The purpose of these functions is to realign a texture’s memory for more efficient access by the GPU or CPU:

optimizeContentsForGPUAccess(texture: texture)
optimizeContentsForCPUAccess(texture: texture)

Synchronisation

Here we have a function for synchronizing the CPU copy of managed resources with their GPU copy (it’s not relevant for ARM processors, since they use shared memory, but we still have users with Intel machines):

encoder.synchronize(texture: texture, slice: 0, level:0)

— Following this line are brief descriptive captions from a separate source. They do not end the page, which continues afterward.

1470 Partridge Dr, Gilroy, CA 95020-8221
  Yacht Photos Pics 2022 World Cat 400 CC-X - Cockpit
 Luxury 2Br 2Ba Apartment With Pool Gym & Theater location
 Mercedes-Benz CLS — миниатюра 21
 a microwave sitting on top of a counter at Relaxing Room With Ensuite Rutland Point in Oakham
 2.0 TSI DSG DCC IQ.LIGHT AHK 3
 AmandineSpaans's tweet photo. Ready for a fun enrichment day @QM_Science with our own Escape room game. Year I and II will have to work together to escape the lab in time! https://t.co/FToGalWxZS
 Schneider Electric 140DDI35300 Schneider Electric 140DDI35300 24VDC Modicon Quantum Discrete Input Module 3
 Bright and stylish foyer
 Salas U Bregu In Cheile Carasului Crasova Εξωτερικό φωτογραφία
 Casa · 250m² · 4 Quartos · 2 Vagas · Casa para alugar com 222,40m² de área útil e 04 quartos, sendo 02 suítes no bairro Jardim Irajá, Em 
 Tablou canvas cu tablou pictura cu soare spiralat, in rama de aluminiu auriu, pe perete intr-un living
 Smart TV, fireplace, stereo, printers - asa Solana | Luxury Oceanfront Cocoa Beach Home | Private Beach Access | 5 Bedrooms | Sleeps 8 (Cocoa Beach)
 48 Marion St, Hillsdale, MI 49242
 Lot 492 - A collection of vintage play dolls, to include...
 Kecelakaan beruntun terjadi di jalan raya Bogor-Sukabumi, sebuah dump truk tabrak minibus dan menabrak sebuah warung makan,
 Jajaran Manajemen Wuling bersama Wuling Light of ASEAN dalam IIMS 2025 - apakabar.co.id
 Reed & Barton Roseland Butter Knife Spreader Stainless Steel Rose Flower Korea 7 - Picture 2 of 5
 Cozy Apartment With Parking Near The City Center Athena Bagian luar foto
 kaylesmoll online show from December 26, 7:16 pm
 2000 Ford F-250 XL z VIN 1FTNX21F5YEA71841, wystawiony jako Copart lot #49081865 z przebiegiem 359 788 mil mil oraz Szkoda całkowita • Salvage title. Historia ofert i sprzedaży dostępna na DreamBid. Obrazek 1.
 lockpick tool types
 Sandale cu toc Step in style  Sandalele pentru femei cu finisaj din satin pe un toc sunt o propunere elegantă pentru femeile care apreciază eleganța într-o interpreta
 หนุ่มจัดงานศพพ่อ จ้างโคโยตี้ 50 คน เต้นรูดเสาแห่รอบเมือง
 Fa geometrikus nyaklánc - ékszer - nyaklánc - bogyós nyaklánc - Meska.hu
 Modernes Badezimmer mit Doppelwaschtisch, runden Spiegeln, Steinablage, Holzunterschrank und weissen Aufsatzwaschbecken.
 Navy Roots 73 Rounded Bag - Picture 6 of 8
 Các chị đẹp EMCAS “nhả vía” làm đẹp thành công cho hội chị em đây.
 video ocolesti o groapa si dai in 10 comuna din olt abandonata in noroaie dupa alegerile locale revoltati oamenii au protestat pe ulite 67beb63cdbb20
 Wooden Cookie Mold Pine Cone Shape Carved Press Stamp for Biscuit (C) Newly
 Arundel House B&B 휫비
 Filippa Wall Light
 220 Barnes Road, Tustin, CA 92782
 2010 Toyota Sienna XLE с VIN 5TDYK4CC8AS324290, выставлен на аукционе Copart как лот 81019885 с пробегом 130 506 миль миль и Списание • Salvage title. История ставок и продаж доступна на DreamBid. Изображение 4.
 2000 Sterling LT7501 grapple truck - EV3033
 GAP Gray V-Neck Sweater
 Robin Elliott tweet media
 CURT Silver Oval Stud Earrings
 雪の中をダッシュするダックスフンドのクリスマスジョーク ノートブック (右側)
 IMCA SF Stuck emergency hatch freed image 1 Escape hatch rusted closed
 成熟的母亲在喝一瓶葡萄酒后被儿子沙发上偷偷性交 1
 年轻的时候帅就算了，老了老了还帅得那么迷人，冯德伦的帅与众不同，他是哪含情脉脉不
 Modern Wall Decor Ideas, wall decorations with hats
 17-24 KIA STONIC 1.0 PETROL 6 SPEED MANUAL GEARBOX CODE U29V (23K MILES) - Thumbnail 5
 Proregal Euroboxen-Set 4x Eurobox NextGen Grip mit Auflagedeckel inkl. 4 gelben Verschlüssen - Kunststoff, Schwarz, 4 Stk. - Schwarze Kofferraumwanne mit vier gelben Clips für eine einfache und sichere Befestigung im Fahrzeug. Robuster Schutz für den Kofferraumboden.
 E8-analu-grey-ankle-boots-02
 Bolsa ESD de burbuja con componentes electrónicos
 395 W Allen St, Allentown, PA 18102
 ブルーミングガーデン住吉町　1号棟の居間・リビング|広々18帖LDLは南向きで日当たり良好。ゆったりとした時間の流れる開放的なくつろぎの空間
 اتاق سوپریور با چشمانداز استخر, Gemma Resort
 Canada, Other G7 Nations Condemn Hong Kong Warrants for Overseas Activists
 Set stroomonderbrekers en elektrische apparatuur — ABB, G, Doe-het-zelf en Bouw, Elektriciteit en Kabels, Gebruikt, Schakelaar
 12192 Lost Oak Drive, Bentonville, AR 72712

Sometimes, you need to synchronize operations within a pass using fences (MTLFence). Metal provides the following functions to handle this in a blit pass (and yes, similar fence synchronization is available in render and compute encoders):

// ...
// Wait for the fence to be updated
encoder.waitForFence(fence)
// ...
// Update the fence and continue processing:
encoder.updateFence(fence)

NOTE: If you call `updateFence()` before `waitForFence()`, it can cause a GPU deadlock — be careful!

Other functions

There are several of other operations, but I’ve never used them — feel free to check them out in the documentation.

Conclusion

As you can see, there’s a comprehensive set of functions for fast operations with GPU buffers and textures.
These operations are highly optimized, so there’s no need to replicate them using compute or rendering encoders.
You can even perform certain image manipulations just by copying (it may seem a bit unconventional, but in some cases, it’s an effective solution).